Besides, if the federals intend to prosecute for "fraud" every politician who enacts measures that benefit some special interest, we're gonna need a much bigger courthouse.

Most readers are impatient by now. "They were dirty and we got 'em. Who cares how? The feds had to do it because no one in Nevada was going to risk reprisals from a political class that consider this 'business as usual,' you idiot!"

Fine. Just so we've got that straight: We don't care whether people go to prison for a crime whose definition does not match the behaviors shown in court, under a bogus assertion of jurisdiction by the federal government. Got it.

Just one more thing: If the ends justify the means, what were the ends, here? What result has been achieved?

The Review-Journal was full of assertions last week that these sentences "should definitely send a shiver to any part of the political community who might be conducting illegal or unethical activities." (The words are those of County Commissioner Bruce Woodbury, a 25-year veteran who served with Herrera and Kincaid-Chauncey, as well as with their partners in crime, Lance Malone and Erin Kenny, but who apparently never saw anything wrong.) "I suspect this serves as a deterrent force," Woodbury added.

"It can't help but have a chilling effect upon the community and the desire to dance around the edge of the rules," adds former federal prosecutor Charles Kelly.

Oh, thank heavens. Would Messrs. Woodbury and Kelly also care to weigh in on the existence of the tooth fairy?

These limited prosecutions did not chill for a moment corruption in this valley, which is ongoing on a broad front. Here's why.

In other jurisdictions, site plans for drugstores, housing projects -- even topless clubs -- can be OK'd by salaried, low-level city or county staffers who merely check for compliance with electrical and plumbing and fire access and setback codes, providing such uses fit the existing zone.

Not in Clark County. Here, a loose "holding zone" system requires rezoning (in effect) for every project. This guarantees elected office holders an up-or-down veto over every project, all the way down to "a kid's tree fort," in the famous words of one former Las Vegas city councilman.

And so long as every site plan for every proposed drugstore, casino, topless club and housing development has to go before an elected body for approval, a simple mathematical formula will apply. Thanks to financing costs and property taxes alone, big developers are "watching the meter run" to the tune of hundreds of thousands -- even millions -- of dollars per month as those projects work their way through the system.

All it takes to cost those developers millions more is for a council member or commissioner to say, "I think we need to postpone this for 90 days while we hold some town hall meetings."

If such a delay can be avoided by funneling, say, $20,000 in "campaign contributions" or "consulting fees" or "ski school tuition" -- or even sexual services -- to an office holder or his or her designee, many will opt to "buy the insurance" or pay more to retain a law firm that already has. It's "just good business."

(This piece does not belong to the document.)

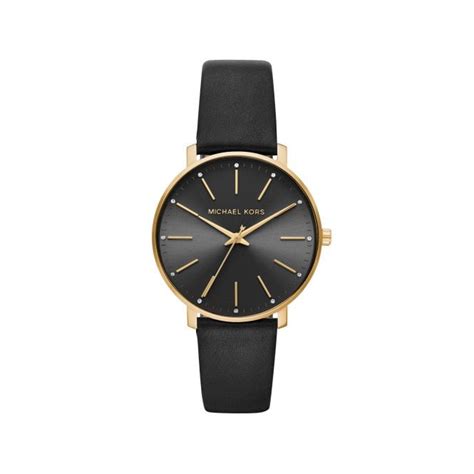 black one-piece band watch leather strap michael kors|A Sleek Accessory: Women’s Black Watches .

As part of their plea deals, government witnesses Galardi and Kenny sang like birds, naming other politicians -- and, more significantly, principals in far larger development outfits, both local and international -- as participating in similar "cash for votes" arrangements. So: Who got to Justice Department officials in Washington, apparently channeling Obi-Wan Kenobi from "Star Wars," using The Force to instruct prosecutors, "The strip club bribes are the only ones that concern you. The bribes from these other outfits are not the ones you're looking for"?

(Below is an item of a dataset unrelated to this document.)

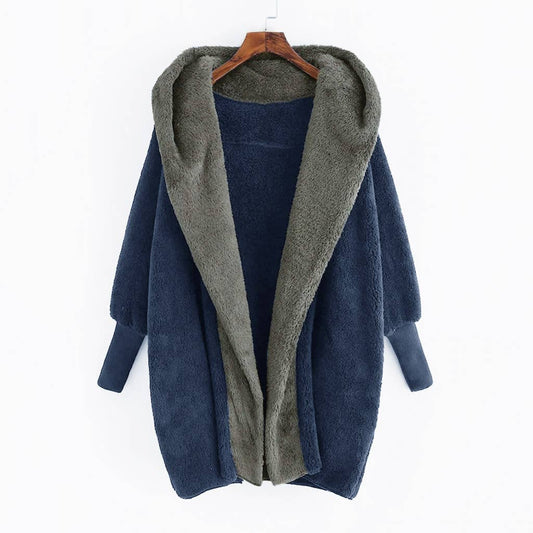 Color matching fleece hooded loose cardigan coat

Oh yeah, all those folks Kenny and Galardi sang about are feeling "real chilly" as they watch my brethren in the press stamp "case closed" on this one as two mopes head off to federal prison camp -- after being allowed to spend Christmas with their families.

They're all real chilly -- from rolling those champagne bottles around in the ice buckets at the big fundraising parties, as they get ready to write or collect their $5,000 and $10,000 checks for another full-speed-ahead Nevada election cycle.